Hello everyone,
On Mon, 2011-10-24 at 17:17 +0100, George Dunlap wrote:
> * The actual algorithm you use here isn't described. It seems to be
> as follows (please correct me if I've made a mistake
> reverse-engineering the algorithm):
>
> Every 10ms, check to see if there have been more than 50 schedules.
> If so, disable pre-emption entirely for 10ms, allowing processes to
> run without being interrupted (unless they yield).
>
> It seems like we should be able to do better. For one, it means in
> the general case you will flip back and forth between really frequent
> schedules and less frequent schedules.
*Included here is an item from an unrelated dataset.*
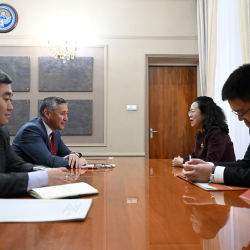 «Ата-Журт» депутаттык тобунун жетекчиси Нурланбек Азыгалиев Кытайдын Кыргызстандагы элчиси Лю Цзянпин менен жолугушту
For two, turning off
> preemption entirely will mean that whatever vcpu happens to be running
> could, if it wished, run for the full 10ms; and which one got elected
> to do that would be really random.
>
To me, this is key point... Maybe we can save at least the calls coming
from the timer tick from being skipped, or something like that?
More generally speaking, I think I can see how this feature can be
useful, and I also think it can live in the generic schedule.c code, but
the algorithm with which rate-limiting is happening needs to be well
known, documented and exposed to the user (more than by means of a
couple of perf-counters).
For example this might completely destroy the time guarantees a
scheduler like sEDF would give, and in such case it must be easy enough
to figure out what's going on and why the scheduler is not behaving as
one would have expected!
For that reaason, although, again, a mechanism like this could
(according to my opinion) be general enough to be sensible and
meaningful for all the various schedulers, it might be worthwhile to
have it inside credit1 for now, where we know it will probably yield the
most of its benefits.
Regards,
Dario
--
<<This happens because I choose it to happen!>> (Raistlin Majere)
----------------------------------------------------------------------
Dario Faggioli, http://retis.sssup.it/people/faggioli
Senior Software Engineer, Citrix Systems R&D Ltd., Cambridge (UK)
PhD Candidate, ReTiS Lab, Scuola Superiore Sant'Anna, Pisa (Italy)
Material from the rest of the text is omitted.